I cannot see the corresponding propagation rule.
That being said, it would be handy to mention that this is for zlib decompression and this should be probably a taint source anyway.

vfscanf occurs two times.

vscanf is not mentioned here; and there are probably a couple others like this.

clang/lib/StaticAnalyzer/Checkers/GenericTaintChecker.cpp
586

This function has exactly 3 arguments.
I'm also puzzled how tainting va_list will work out. That should be modeled separately IMO.
This comment applies to all of the similar va_list accepting functions, such as vscanf, vfscanf, and possibly others.

That being said, I think vscanf is more like scanf, so it should be modeled as a taint source instead of a propagator.

598

I'm on board with marking read operations as props/sources.
Let's look at the declaration: ssize_t readv(int fd, const struct iovec *iov, int iovcnt);
I'm not sure how could the pointee of iov be modified by this call, as its const.
Additionally, I doubt the effectiveness of the rule, since I don't think it would be too likely to have a path leading to a taint sink with an iov pointer. That being said, let it be, but don't expect much from this rule :D

600

It's sad that we don't model recvmsg, but it would be quite difficult to model. I can see why you left that out.

602–603

I'm not sure how could these be used as gadgets, but let it be.

605–606

These should be sorted, isn't it?

607

int fnmatch(const char *pattern, const char *string, int flags);
The fnmatch() function checks whether the string argument matches the pattern argument, which is a shell wildcard pattern (see glob(7)).

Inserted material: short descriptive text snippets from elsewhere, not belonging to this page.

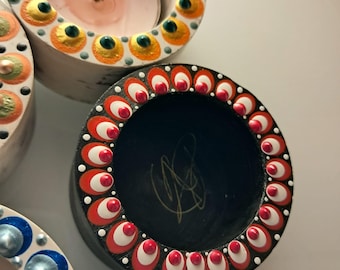 Mandala-puntkunst, kaarsenhouder van gips, handbeschilderd, uniek cadeau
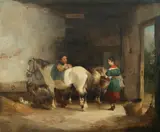 Gossiping by Snr. William Shayer, oil on canvas, sold Jun 2015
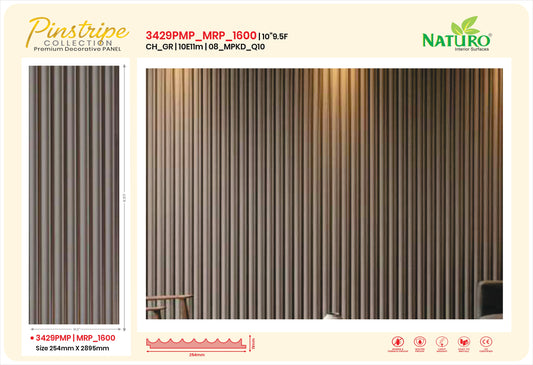 Naturo Surfaces 10E Charcoal Wall Panel in White of 11mm thickness (3429PMP)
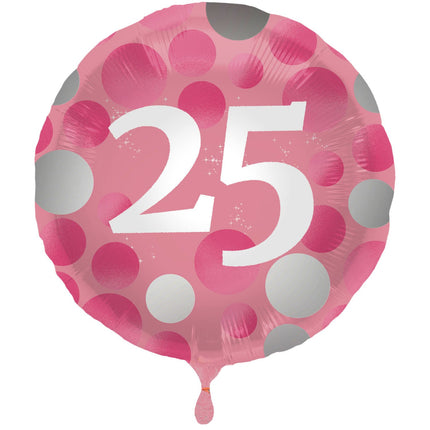 Feestbazaar Folieballon 25 Jaar Glossy Pink (45cm)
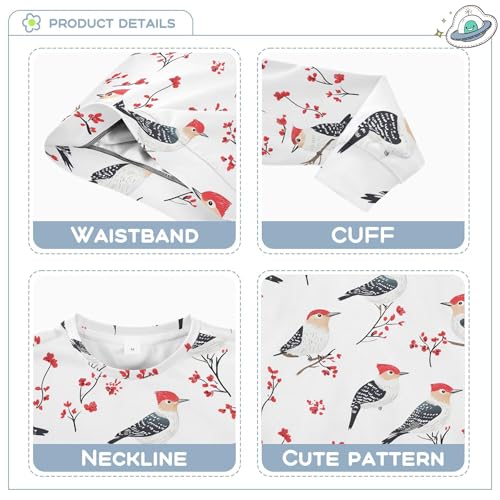 JUNZAN Beauty Red-bellied Woodpecker Birds White Big Boys Hooded Sweatshirt Crewneck Kids Hoodies Boys Party 4T3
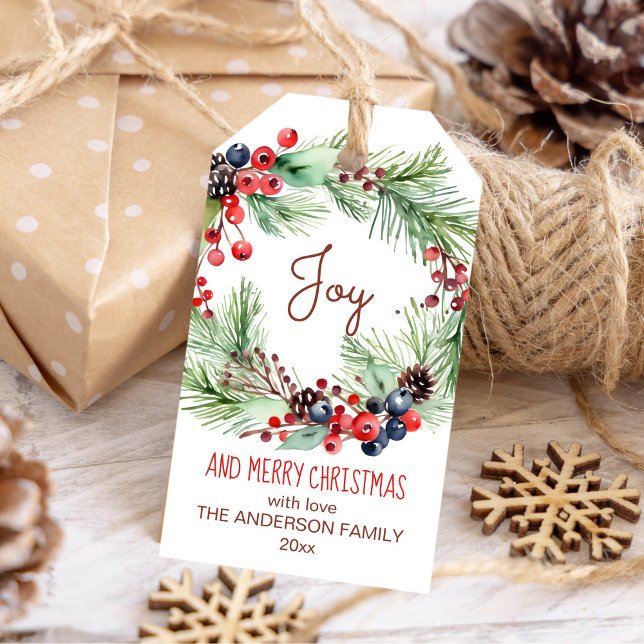 God jul vinterbär gräs andedräkt presentetikett (Christmas wreath watercolor winter berries and pines boho gift tags)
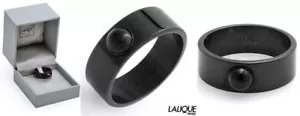 Anello Cabochon Cristallo Smalto Nero $250 Lalique MOSSI 55 taglia 7 Nuovo in Scatola - Foto 1 di 3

From this man entry I would think that we should propagate from the second argument.

619

One could say that if memmem was called with a tainted needle and actually finds something in the haystack, that would mean essentially that the value pointed by the return value has the same content as the needle.
However, I still agree with the current propagation rule, depending only on arg 0.
This might reasoning might deserve a comment though.
strstr also shares this property.

629
638–639

IMO these should propagate from {0,1}, similarly how the strncmp does propagate from its last argument.

clang/test/Analysis/taint-generic.c
491–497

This test case definitely needs to be reworked.

  1. We don't have FDs in this context, unlike the comment suggests.
  2. vscanf should be an unconditional taint source, instead of being a propagator.
511–514

For this type of things I can recommend using the clang_analyzer_isTainted(T) debug.ExprInspection introspection function.
It will do the right thing, without sinking the execution path.

I've seen in some other test cases that you used an extra top-level fn parameter for the same.
That's slightly better than using a global, but I would still recommend the debug function.

518–519

Please use single-line comments.
It makes debugging test files easier in some cases.

527

clang_analyzer_isTainted(*iov)

1024

You should group these all into a single test case.
This way the setup code for the test dominates compared to the actual content.

1046–1047

The comparison function must return an integer less than, equal to, or greater than zero if the first argument is considered to be respectively less than, equal to, or greater than the second.

1058–1061

Just use the cmp_less instead.
You can also fuse the qsort test cases into a single function.

gamesh411 updated this revision to Diff 412057.Mar 1 2022, 4:58 AM
gamesh411 marked 17 inline comments as done.
  • remove vscanf and co.
  • use debug.ExprInspection for test cases
  • fix semantic issues for modeled functions
gamesh411 added inline comments.Mar 1 2022, 4:58 AM
clang/docs/analyzer/checkers.rst
2361

Removed vscanf and vfscanf as modeling their taint is not straightforward and should be done in another checker.
The problem with those is that they do not use variadic arguments, but an abstraction of those implemented by the type va_list, which is used to support invocations, where the number of arguments is determined at runtime.
In addition to modeling individual v-variants we will also have to handle the creation of va_list objects, and va_start function calls and try to reason about which parameters will be tainted.

clang/lib/StaticAnalyzer/Checkers/GenericTaintChecker.cpp
586

removed

598

On second thought, this seems pointless indeed, removed.

605–606

swapped, thx

clang/test/Analysis/taint-generic.c
518–519

removed

527

test case removed

steakhal accepted this revision.Mar 1 2022, 5:15 AM
steakhal added a reviewer: NoQ.

Looks good to me. Check the docs if they are still in sync.
Also, postpone this for two days to let others block this if they have objections.
Other than that, land it.

This revision is now accepted and ready to land.Mar 1 2022, 5:15 AM
Herald added a project: Restricted Project. · View Herald TranscriptMar 7 2022, 2:10 AM
This revision was automatically updated to reflect the committed changes.